Flint Community Schools hoped to return to in-person education on January 24, but announced that the district will continue distance learning indefinitely in response to high transmission rates in Genesee County.

Democratic House Leader Donna Lasinski, D-Scio Township, said it was imperative that students learn in person every day, but noted that schools are still facing significant challenges to achieve this, including understaffing and mandatory attendance requirements for the official count of the day as a school day.

Updating that policy and channeling federal funds into testing programs that allow students and staff to stay in class if they test negative following exposure to COVID-19, as well as testing, vaccine distribution and educational awareness to students and parents would go a long way. to make learning in person easier, he said.

“We know there has to be parental trust to get kids back to school, to learning in person and we know we need to have staff available,” he said. “Those are direct actions we can take that can help keep the kids in school, bring those dollars home and put them to work.”

Robert McCann, executive director of the K-12 Alliance of Michigan, said understaffing is a significant obstacle to maintaining full-time in-person schools. Some districts have had to temporarily switch to virtual learning in response to the shortage of substitute teachers and bus drivers.

“We need to try to come up with a solid budget as quickly as possible to support that work if we are to keep schools open not just for the rest of this year, but make sure the staff shortage doesn’t continue into the fall,” he said. McCann.

Whitmer said its 2023 school aid budget will focus on providing schools with more funding to recruit and retain staff.

“People are leaving the profession, as well as our health care, which is why we handed checks directly to teachers last year, we made more investments in our schools so they could make a living doing this important job. “said Whitmer. “There will be even more investment when you see me unveil the school aid budget in two weeks. We are putting the finishing touches on this, but it will have a really big investment in recruiting and retaining the ranks of our educators. “

Morgan, the spokesperson for the MEA, said teachers must receive a salary increase.

“If you don’t compensate people fairly, they’ll look for other jobs,” Moore said. “We are seeing people with advanced degrees who are qualified teachers decide that they need to support their families and therefore are moving into the private sector and changing careers. We are seeing talented young people decide not to attend a graduate course or leave the field after the first two years due to all the stress they are subjected to. “

Morgan and McCann also suggested that legislators should suspend standardized testing and teacher assessments. McCann said preparing for the test stole valuable time needed to get students back on track after their education was disrupted by the pandemic.

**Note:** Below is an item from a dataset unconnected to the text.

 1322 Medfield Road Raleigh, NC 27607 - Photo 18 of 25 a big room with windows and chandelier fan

“What value is it showing? A standardized test is for one standard school year. We haven’t had it for three years, “McCann said.” You can’t track a student’s year-to-year progress at a time when he gets anything but a normal school year. He won’t tell us anything. last school year hasn’t told us anything, so why take the time? Why take away precious time in class from their academic, social and emotional support they need to take a test that won’t give us any useful information?

Advocates of school choice argue that in-person learning should be child’s play, pointing out the discrepancies between in-person attendance in private schools and districts that still rely on distance learning.

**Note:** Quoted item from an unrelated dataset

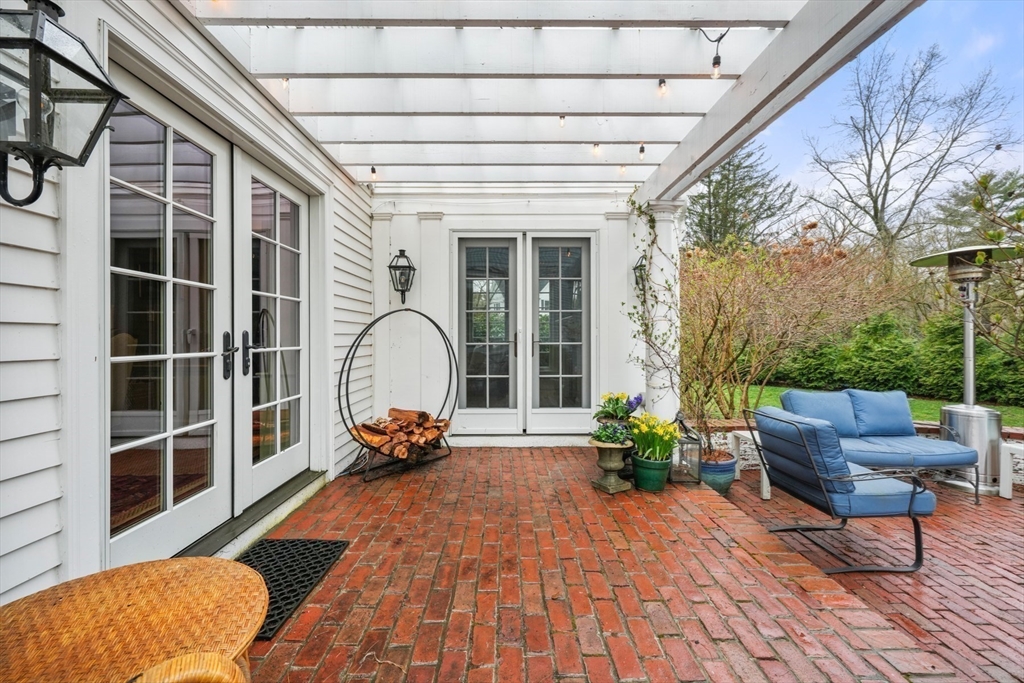 21 Alden Road Wellesley, MA 02481 - Photo 30 of 36 a view of a porch with furniture and a potted plant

“It’s just inexcusable at this point. Two years later, all the data we have now says that schools shouldn’t be closed, that there is so much harm to children academically, mentally and physically, “said Corey DeAngelis, national research director for the group. American Children’s Federation based in Washington, DC.

DeAngelis said parents across the country have been clamoring for in-person learning for months, noting that many schools that still use distance learning options have received thousands of dollars in pandemic-related aid from the federal government.

“If they can’t figure it out by now, give the money to the parents and let them figure it out for their children,” she said.